Nas transações que acarretaram prejuízos ao fundo é recorrente a participação das corretoras Quantia e Euro. Ao ser inquirido pela CPI, o sócio da Quantia, Lauro José Senra de Gouvêa, disse que não se recordava das transações.

O senhor Jorge Luiz Gomes Chrispim, sócio da Euro, a princípio negou ter efetuado as transações, mas a CPI apresentou-lhe documentos que contestaram a sua afirmação. Nenhum dos dois entrevistados conseguiu explicar a razão por trás das grandes discrepâncias de preço nas operações realizadas com a Prece.

CVS[editar | editar código-fonte]

CVS são títulos corrigidos pela TR e decorrentes da securitização de créditos junto ao FCVS (Fundo de Compensação das Variações Salariais).

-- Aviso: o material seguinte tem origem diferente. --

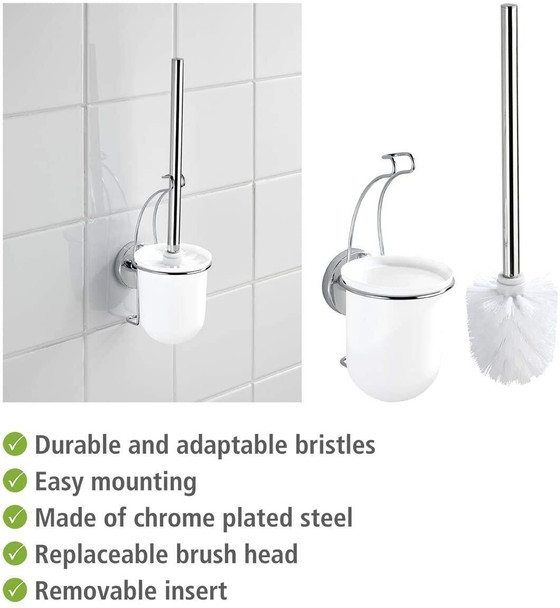 WENKO Vacuum-Loc Wall Toilet Brush Set Milazzo-Fixing Without Drilling, Steel, Silver Shiny, 12 x 10 x 36.5 cm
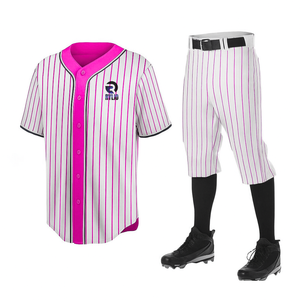 Breathable Baseball Uniform Set Custom Logo Baseball Jersey With <b>Elastic</b> Pants And <b>Belt</b> For Men Youth - Product Image 4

A Sub-relatoria constatou perdas de R$ 38.360.187,00 a partir de 2003 na compra e venda de títulos CVS. As operações supeitas tiveram início depois que o senhor Paulo Alves Martins assumiu o cargo de gerente financeiro da Prece.

Entre as corretoras que lucraram com valores muito acima do mercado está a Euro DTVM.

Derivativos[editar | editar código-fonte]

Houve um desempenho atípico das seguintes corretoras que operaram em nome da Prece:

  • Novinvest: em 59% das 1130 vezes em que operou em nome da Prece, atribuiu ajustes negativos para o fundo de pensão;
  • Banco Cidade CVMC : em 87% das 971 vezes que operou em nome da Prece, atribuiu ajustes negativos para o fundo;
  • Fator Doria Atherino: em 81% das 600 vezes que operou em nome da Prece, atribuiu ajustes negativos para o fundo.